By Ivan Israelstam, Chief Executive of Labour Law Management Consulting. He may be contacted on (011) 888-7944 or 0828522973 or on e-mail address: ivan@labourlawadvice.co.za. Go to: www.labourlawadvice.co.za.
While some employers are aware of labour laws regulating purchases of a business many are unaware that these laws also cover outsourcing arrangements in many cases.
Due mainly to our country’s economic stagnation closures of SA businesses and outsourcing of non-core functions are increasing. Perhaps the worst of the negative effects of business closures is the wholesale loss of the jobs of the employees of the business. Sometimes the struggling company is taken over instead of being forced to go into liquidation. The advantage of such a takeover is that it can avoid the loss of jobs caused by a liquidation.
Surprisingly, the Labour Relations Act (LRA) strongly discourages takeovers (albeit unintentionally) by prohibiting dismissals for reasons related to a takeover as a going concern. Thus, would-be rescue deals are scuppered by the fact that partial retrenchments, resulting from the rationalisation necessitated by takeovers, are prohibited by section 187 read together with section 197.
Where employees are illegally retrenched for reasons related to takeovers it is often difficult to establish whether it is the old entity that is at fault or whether the new entity should be taken to task in court. This is because the date of the takeover is often unclear. If the employee was retrenched before the takeover he/she should logically take the old entity to court, but what happens if the old entity does not have the assets necessary to pay the compensation ordered by the court? Section 197(2)(c) effectively allows the employee to sue the new employer even if it was the old employer who retrenched the employee unfairly.
If the retrenchment takes place after the transfer, only the new employer can be sued. However, establishing the date of the transfer for purposes of labour law can be tricky.
This key question arose in the case of Business Design Software (Pty) Ltd & Another vs Van der Velde (CLL Vol. 18, March 2009). The employee was a general manager of AST Group which decided to sell one of its divisions called BDS to the MD of BDS, Mr P Smulders. A few days after this decision was made, Smulders brought his brother into the business at senior level. Smulders then retrenched Van Der Velde. Three days after the retrenchment AST signed the agreement of sale of BDS with a company called WGN, the entity through which Smulders bought BDS. Although the sale agreement was signed on 3 April 2003 the agreement stated that the sale took retrospective effect on 1 January 2003.

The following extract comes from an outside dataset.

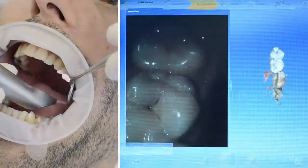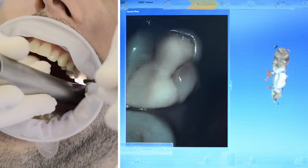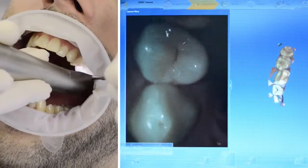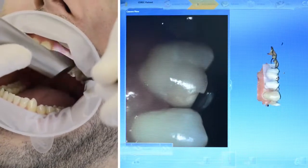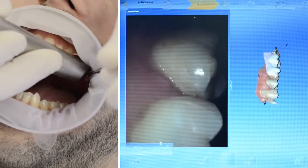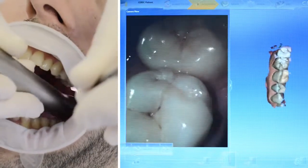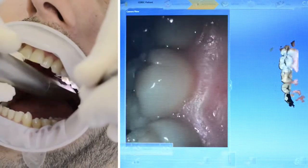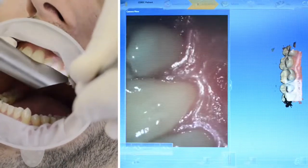With Omnicam, both jaws can be optionally scanned before preparation. The prepped teeth can be added to the virtual model later. The Omnicam has a small head which allows easy access to the posterior teeth. The user simply moves the camera head closely over the teeth in a single flowing movement.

Van der Velde took the retrenchment to the Labour Court on the grounds that he had been automatically unfairly dismissed for a reason related to the takeover of a going concern. The Labour Court decided that:
- The sale neither took place as at the April date on which the parties signed the sale agreement nor at the January date stipulated in the contract.
- The takeover had taken effect on 27 February 2003 when Smulders began operating the business.
- The dismissal had taken place in March, after Smulders had taken over the business, and BDS, under its new ownership, was the employer at the time of the retrenchment.
- The retrenchment was an automatically unfair dismissal as the dismissal decision stemmed from the takeover of the business. BDS took this decision to the Labour Appeal Court, but that Court upheld the findings of the Labour Court.
This case reinforces the crucial principles that employers:
- Need to be cautious about buying or otherwise taking over a business or part of a business as a going concern
- Need to be even more cautious about dismissing any employee for any reason related to such a takeover even if the reason for the dismissal is only indirectly related to the takeover
- Should neither enter into takeovers nor dismiss any employees before receiving training in labour law and best workplace practice.